Rodrigo Ferreira
A economia mundial é uma piada. O mercado financeiro é uma piada. Se há alguma "moral da história" por trás de A grande aposta, comédia de Adam McKay - conhecido por sua colaboração com Will Ferrell em O âncora -, parece ser essa. Com um elenco de primeira - que inclui Brad Pitt, Ryan Gosling, Steve Carrell e Christian Bale, além de pontas de Margot Robbie, Anthony Bourdain e Selena Gomez -, a produção reconta os anos que levaram ao colapso da economia global em 2008. O roteiro é baseado no livro de não-ficção publicado pelo jornalista Michael Lewis em 2010. O filme tem cinco indicações ao Oscar, incluindo melhor ator coadjuvante para Bale.
A ordem em que o quarteto de protagonistas é apresentado acompanha a cronologia da crise. Christian Bale interpreta o excêntrico gênio dos números que percebe, ainda em 2005, o cataclisma que se forma. Sem traquejo social algum, sua perspicaz constatação é rapidamente taxada de maluquice por seus colegas. Exceto Jared Vennett, encarnado por Gosling, banqueiro egocêntrico que não economiza no bronzeamento artificial. É ele quem, por acidente, coloca em cena Mark Baum.

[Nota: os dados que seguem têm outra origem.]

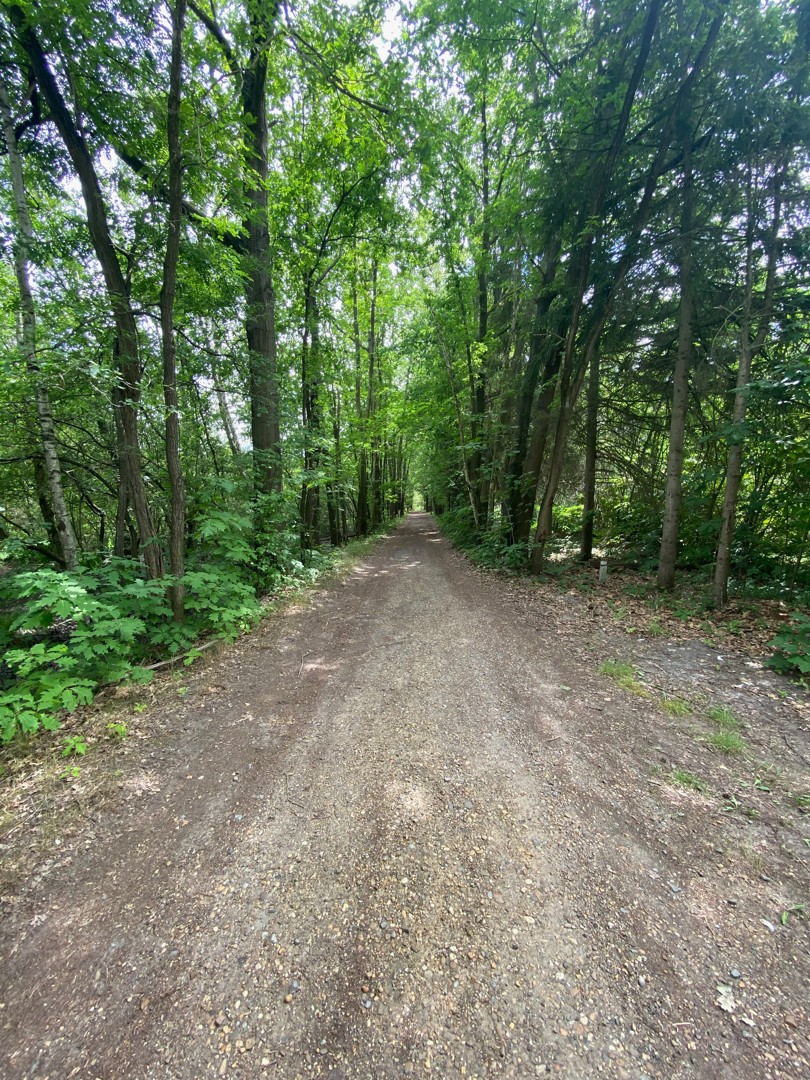 Recreatiegrond te koop met natuurlijke vijver in Westmeerbeek - foto 4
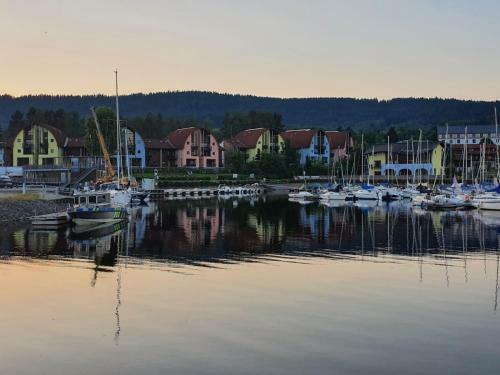 Lipno Lake Apartment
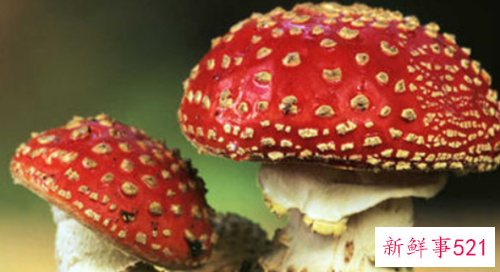 世界上最毒的十种蘑菇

O personagem de Carrell equilibra a gravidade com a intenção cômica do filme. Baum gerencia um fundo de investimentos de alto risco. Desconfiado, falastrão e de pavio curto, ele é o único personagem cujo passado é razoavelmente exposto - Marisa Tomei é subaproveitada como sua esposa, em uma produção na qual pouquíssimas mulheres aparecem, a maioria delas como strippers ou coadjuvantes irrelevantes. Seu desgosto/insatisfação com o sistema se equipara ao demonstrado por Brad Pitt, que entra em cena como um ex-figurão ecologicamente consciente.
À primeira vista, parece difícil fazer comédia usando majoritariamente um vocabulário esotérico e inacessível. Siglas herméticas do setor como CDO e CDS aparecem a cada esquina. Mas a escolha de um elenco charmoso ajuda a tornar o tema mais palatável. Recorrendo frequentemente a quebra da 4ª parede e intervenções do narrador, Ryan Gosling, McKay impede que a falação frenética em termos técnicos aliene o público.
A primeira metade do filme causa uma espécie de febre surrealista. As situações mostradas são tão absurdas e desconjuntadas que o próprio conhecimento de que algo assim de fato se passou é o responsável pela comicidade. Conforme o roteiro se aproxima do clímax, o efeito se esvanece.
Alguns personagens passam a germinar algo próximo de uma consciência, nem mesmo a miopia moral que parece acometer a todos é capaz de encobrir a mastodôntica estupidez que alimenta Wall Street. Não há racionalização ou lógica capaz de explicar o que acontece: uma a uma, as partes envolvidas no sistema econômico - agências de ratings (Standard & Poor's, Moody's), bancos internacionais, agentes imobiliários, os próprios departamentos estatais incumbidos de fiscalizar o mercado - provam que seu principal interesse é maximizar lucros. Sobra até para o Wall Street Journal, que prefere não investigar evidências de fraude em nome da "reputação". (Aliás, a escolha do título da resenha publicada pelo jornal sobre o filme - As belezas cômicas de uma bolha - é muito infeliz).
Por conta do grande impacto e da proximidade histórica, outros filmes abordaram, recentemente, o tema. O lobo de Wall Street, de Scorsese, sem se importar com o didatismo, foi menos direto nas suas considerações críticas, e bem mais grandiloquente. O documentário Inside job, de Charles Ferguson e narrado por Matt Damon, por sua vez, adotou uma postura meticulosa ao investigar as causas e consequências - políticas, econômicas, sociais - da crise global que, estima-se, custou US$ 20 trilhões. Nesse sentido, o trabalho de McKay fica num agradável ponto médio.
A grande aposta, claro, trata-se de uma obra de ficção, mas as consequências do que é retratado são bem reais e continuam a ser sentidas. Uma quantidade obscena de pessoas perdeu casa e emprego, nos Estados Unidos e além. No fim das contas, o filme é uma piada sobre a crise de 2008 que só funciona às custas dessas pessoas.